The editorial is courageous, too, in letting itself serve as a cautionary note on the risks of instant write-and-distribute do it yourself opinions. The editorial headline contains a hint. "Controlling money controls power." Saslow owns the newspaper. No one on staff was in a position to warn him he risked looking oddly extreme.
No one can tell Trump that an early morning Tweet is Ill considered and unwise, nor can anyone stop a publisher from publishing what he wants, when he wants, un-edited. The outbursts can be intemperate and foolish, but they are more interesting and provocative because of it. Restaurant diners shake their heads in astonishment, but it causes them to discuss and re-read the editorial, then send a link.

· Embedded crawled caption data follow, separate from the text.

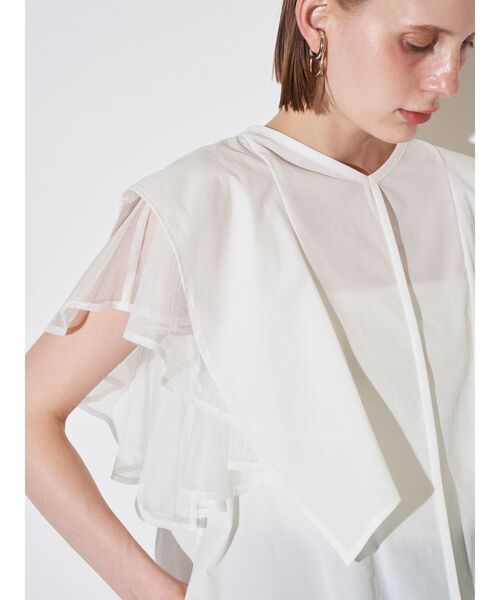 ELENDEEK(エレンディーク)の「メッシュレイヤードスリーブブラウス(シャツ/ブラウス・レディース・ネイビー/ブラック/オフホワイト・FREE)」の16枚目の写真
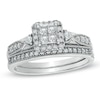 Thumbnail Image 1 of Previously Owned - 1/2 CT. T.W. Quad Princess-Cut Diamond Vintage-Style Bridal Set in 10K White Gold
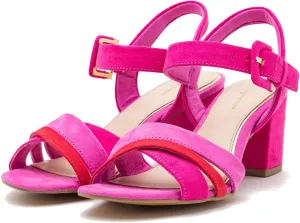 Women Rainbow Heeled Sandals Open Peep Round Toe Ankle Strap Pumps Suede Chunky Block Heels Sandals Multicolored Strappy Summer Dress Shoes Buckle Wedding Party Office Elegant 4-11 M US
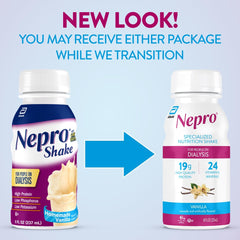 Nepro vanilla nutrition shake pouring into glass showing smooth texture and easy consumption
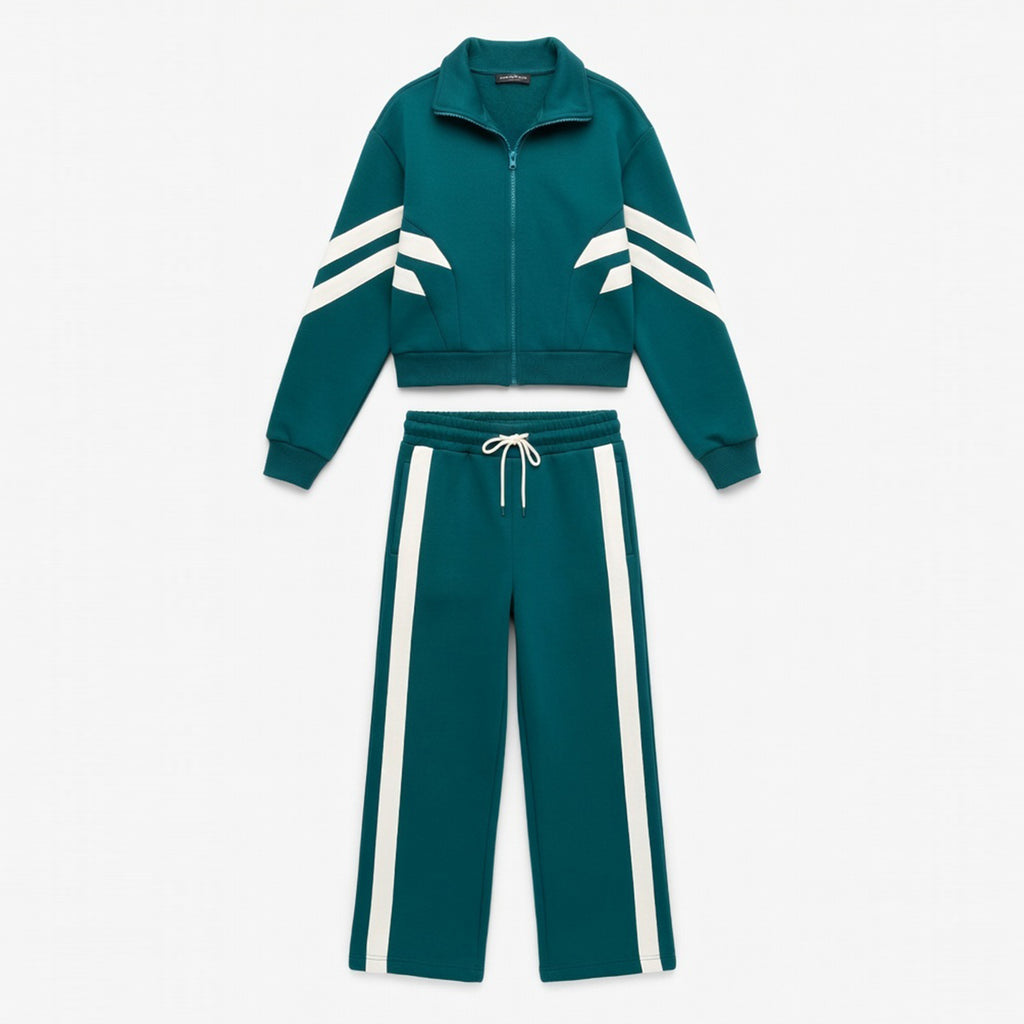 Ensemble femme coton printemps veste zippée pantalon large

"Hey, check out what's going on at the Tribune."
[Note that an earlier version of this story spelled the publisher’s name incorrectly, as Salsow, i.e. as it had been misspelled in the newspaper itself. Look at the image at the top.]
6 comments:
I consider Saslow's "editorial" neither brave nor wise. There are holes in his arguments big enough to drive a rain-forest excavator through. Quoting Milton Friedman...really? Why didn't he just use Ayn Rand. And those cherry picked failing social democracies...are the words "sanctions," "embargoes" or "monopolies" not found in his lexicon? But I do understand the emotion behind Salsow's piece. He is evidently a "self-made man," someone who had to work hard to get where he is... made the "right" connections along the way. The system has worked for him. (Of course, I could be wrong, since 80% if all wealth in this country is inherited...bio information on Saslow markedly absent on the web). Evidently Saslow has had a change of heart from his earlier thinking as worded in this June 6, 2017 article by Greg Stiles in the Mail Tribune, announcing Saslow's takeover of the paper: "We don't have to say we're going in one direction," he said. "We're not left, we're not right, we are a variety of different things to mirror the growth that is in this area. Whatever we do, we want to cover thoroughly and credibly. You want to read it, you want to see it, you want to hear it." Looks like someone took a right turn to me...
Andy Seles
The NYT it ain't.
It's quite a stretch to link Nazis to Social Security.
"Thanks for sharing"...
The Muddy Tributary has been on a downhill slide since "Rosebud Media took it over. I cancelled last year as much over my disagreements with Sadlow as over the continuing inability to deliver my paper on time more than 50 Percent of the time.
Be very afraid. There’s reds under the bed.
Perhaps these antics are just the start of his bid to become president someday. It worked for the last guy.
The thing I find odd about the Mail Tribune is that most of its news focus is a soft-hearted take on soft social issues. Avoids local government almost altogether. Chimes in reflexively to the left on state or national issues. I don't find it courageous or useful. Including Saslow on the other end.